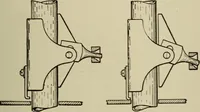 An illustration from Electricity for everybody; its nature and uses explained (1895)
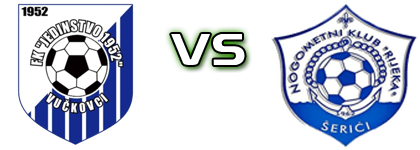 Jedinstvo 1952  - Rijeka Šerići Statistiche e dettagli partita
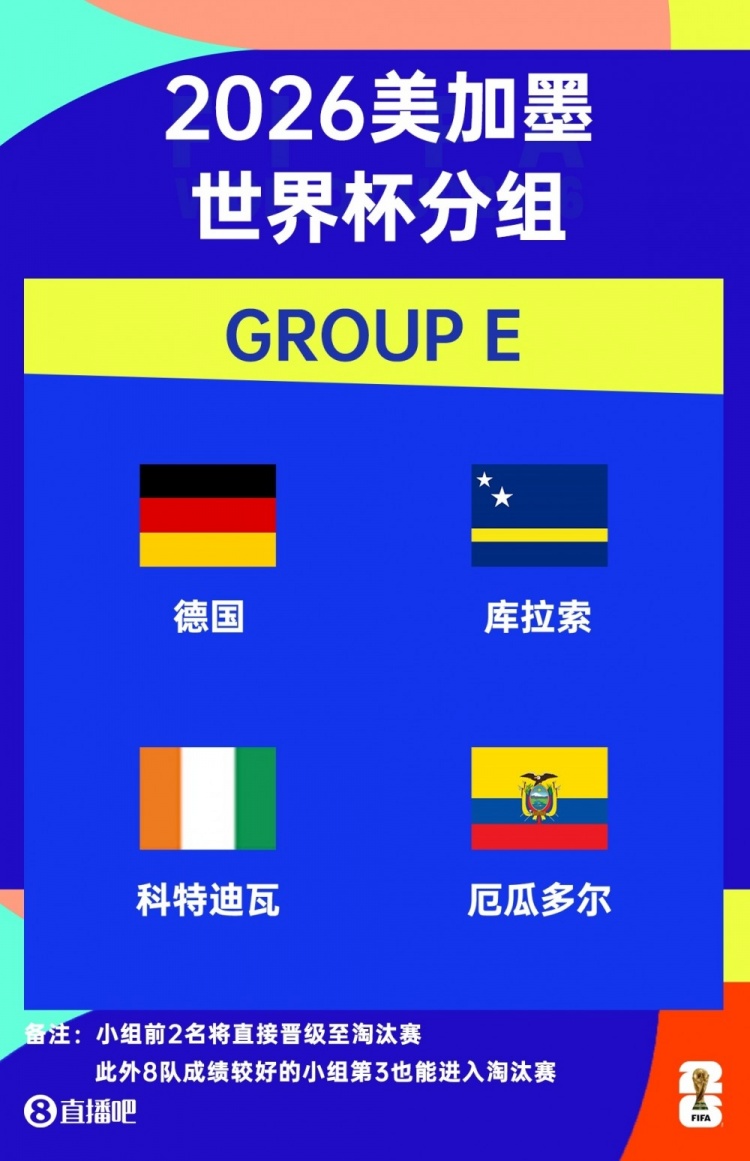 15万人小国世界杯首秀,78岁艾德沃卡特带队冲进球 15万人小国世界杯首秀,78岁艾德沃卡特带队冲进球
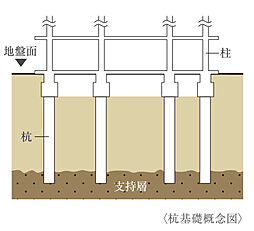 アルファステイツ野芥駅II 設備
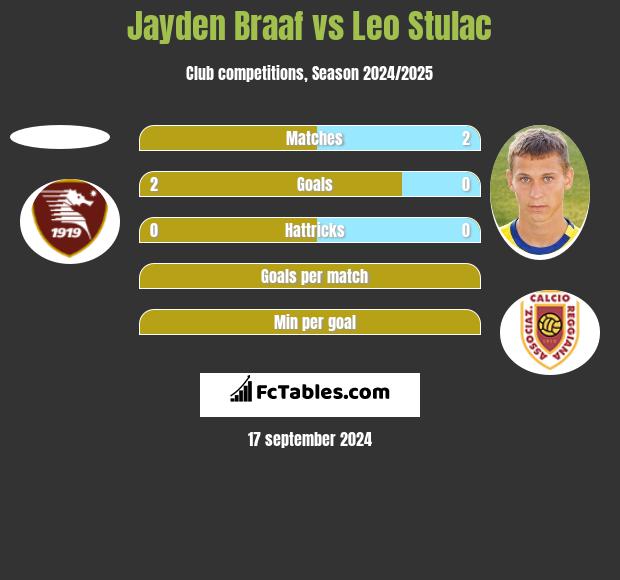 Jayden Braaf vs Leo Stulac h2h player stats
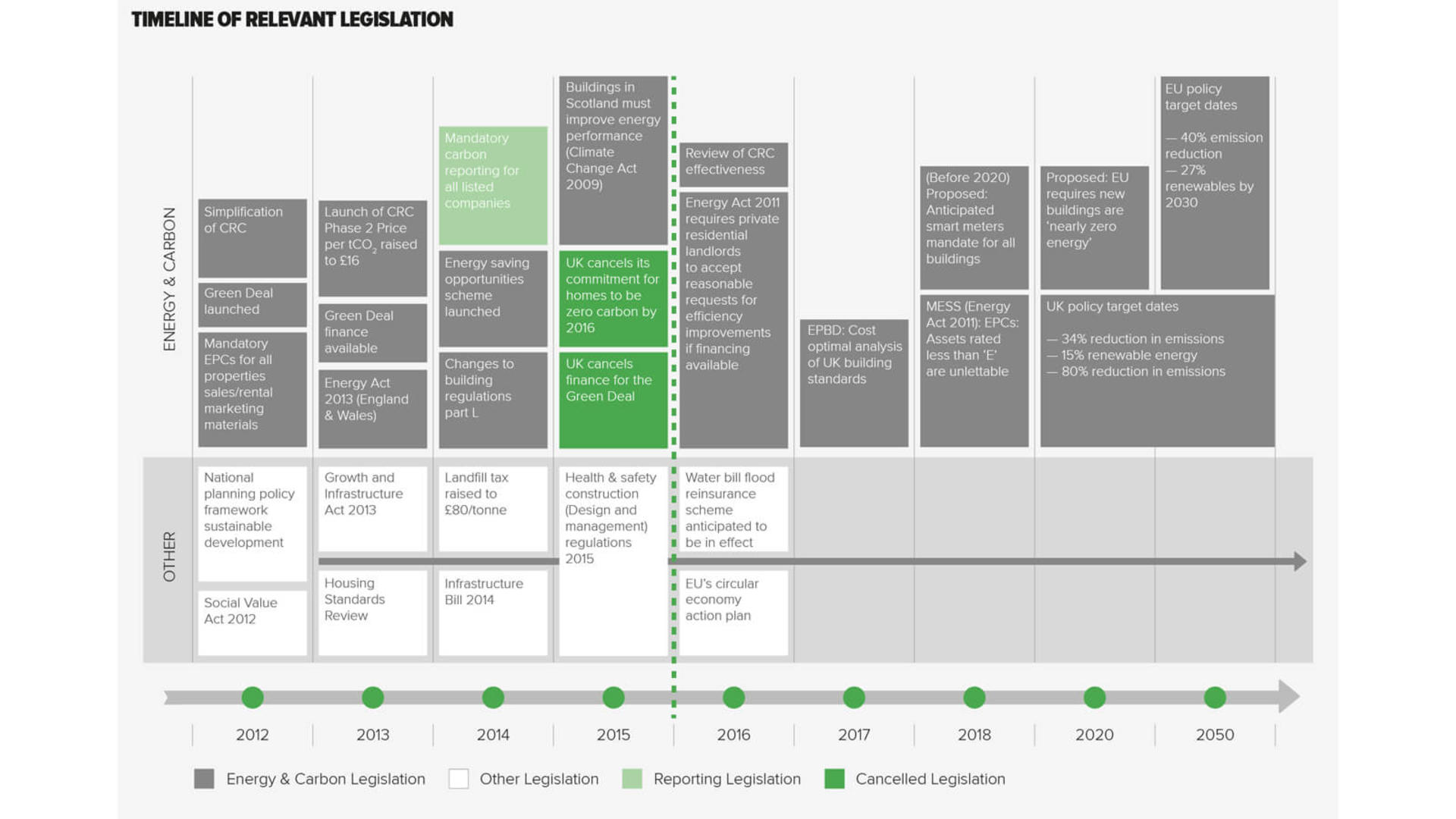 Materiality timeline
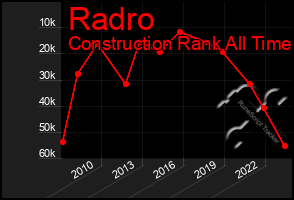 Total Graph of Radro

# Your assignment
The full data, repeated exactly and stripped of its pictures, is the expected answer.

# Response below
 An illustration from Electricity for everybody; its nature and uses explained (1895)
 Jedinstvo 1952  - Rijeka Šerići Statistiche e dettagli partita
 15万人小国世界杯首秀,78岁艾德沃卡特带队冲进球 15万人小国世界杯首秀,78岁艾德沃卡特带队冲进球
 アルファステイツ野芥駅II 設備
 Jayden Braaf vs Leo Stulac h2h player stats
 Materiality timeline
 Total Graph of Radro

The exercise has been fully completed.